Health care CEOs can build engagement by cultivating physician leaders

NOTE: The following article originally appeared in Trustee Magazine on April 4, 2016.

Perhaps the greatest challenge health care organizations face over the next decade is physician engagement. As integration and value-driven care continue to advance, physician leaders will be increasingly called upon to meet the demands of a changing landscape.

“Effective physician leadership will ensure physician engagement.” Although this simple axiom states an essential truth, its results can be difficult to achieve. That’s why boards must count physician engagement and leadership among their organization’s top strategic priorities.

For many years I conducted CEO searches for health care organizations. Demonstrating strong physician relations skills and collaborative working relationships with physician leaders was a key requirement boards had for all prospective candidates. In today’s changing health care environment, those skills are more important than ever. Executives who involve physicians in decision-making, strategy development and other leadership activities can be recruited for that alone. Hiring a CEO with a track record of developing physician leaders is a board imperative.

Creating a robust system to identify potential physician leaders is a critical first step for CEOs. Boards should ensure their CEOs are constantly on the lookout for future physician leaders and have formalized processes to cultivate them.

Identifying leaders

Cultivating physician leaders can begin informally, with the CEO having initial conversations with physicians who have participated in care improvement initiatives or other activities that may indicate their interest in and aptitude for leadership roles. These discussions may take place with physicians three to four years out of residency as well as with more established practitioners.

Conversations with potential physician leaders may occur over several months or even a few years, during which CEOs should take the time to observe whether the physicians exhibit traditional leadership traits such as the ability to create a vision and encourage others to achieve goals. CEOs also can use this time to build relationships with the physicians and introduce the concept of leadership. This approach begins to identify a cadre of interested, high-potential physician leaders.

One CEO I worked with held monthly, informal meetings with a variety of physicians. He also invited some high-potential physician leaders to sit in on the meetings. The theme of the meetings was simply “physician engagement and leadership issues.” No minutes were kept, and no assignments were made. The CEO used these meetings to apprise physicians of key strategic issues and to hear what was on their mind. Occasionally he sent them an article or book on a strategic subject and suggested they discuss it. This unofficial leadership education and involvement allowed the CEO to further develop physicians into leaders and learn about issues critical to them.

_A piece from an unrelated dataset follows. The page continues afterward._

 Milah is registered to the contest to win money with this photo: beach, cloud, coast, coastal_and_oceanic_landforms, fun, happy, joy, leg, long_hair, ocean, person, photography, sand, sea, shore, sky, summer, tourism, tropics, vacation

As potential physician leaders begin to emerge, CEOs can employ more formal cultivation methods: for example, asking the physicians to serve on the organization’s strategic planning task force or an organizational policy-setting committee. This level of involvement also gives board members the opportunity to meet and assess emerging physician leaders.

New physician leaders are likely to ask a CEO why they are being involved more in organizational leadership. The answer should be that the CEO has observed their leadership skills and interests, believes they have great insight into the organization’s future needs and would like to include them in helping steer the organization forward. CEOs also can discuss how these physicians might prepare themselves to become leaders by participating in internal leadership programs or outside education. More formal, targeted leadership development also requires health care organizations to identify and share with potential leaders competencies required for specific roles and assignments.

CEOs should consider developing physician leaders from within rather than always hiring an outsider to assume a leadership role. Finding experienced physician leaders can be difficult, and bringing in an outsider can be risky and costly when things don’t work out. CEOs who spend the time to cultivate potential leaders internally, assess their commitment and motivation to become leaders and support them to achieve their goals typically find it is time well spent.

Development

Identifying potential physician leaders is just the beginning of the journey. CEOs who help new physician leaders grow into their roles can benefit from considering questions such as the following:

  • What are the new physician leader’s clinical and interpersonal reputations?

  • Has the individual shown leadership tendencies or traits in clinical practice and in interactions with other leaders?

  • Would the new leader benefit from mentoring and/or executive coaching?

Typically, physician leadership development places too much emphasis on an educational curriculum and classroom training to groom future leaders for full-time positions. It ignores the likelihood that a number of physicians may never give up their clinical practice but are quite capable and willing to fill part-time roles. Failing to consider them for these roles may deprive hospitals and health systems of physicians who could become some of the organization’s best leaders.

Boards that make physician leadership development a priority for the CEO ensure that this important process is not left to happenstance or delegated to lower levels of the organization. To reinforce the importance of this priority and determine how effective the process is, boards should consider physician leadership development as one criterion in the annual CEO performance evaluation.

The bottom line

The health care field needs more physician leaders to help guide clinical integration and address changes in health care delivery. Boards must ensure that physician engagement and leadership development is a key strategic initiative led by the CEO.

The process of identifying, developing and engaging up-and-coming physician leaders has become a critical part of the job of today’s CEO. Those who excel in this work will advance the success of their organizations and benefit their careers. Effective boards will make physician engagement and leadership development a strategic priority for the organization and the CEO.

Editor’s Note: This column was adapted from a version that appeared in the summer 2014 issue of Chief Executive Officer, a publication of the American College of Healthcare Executives.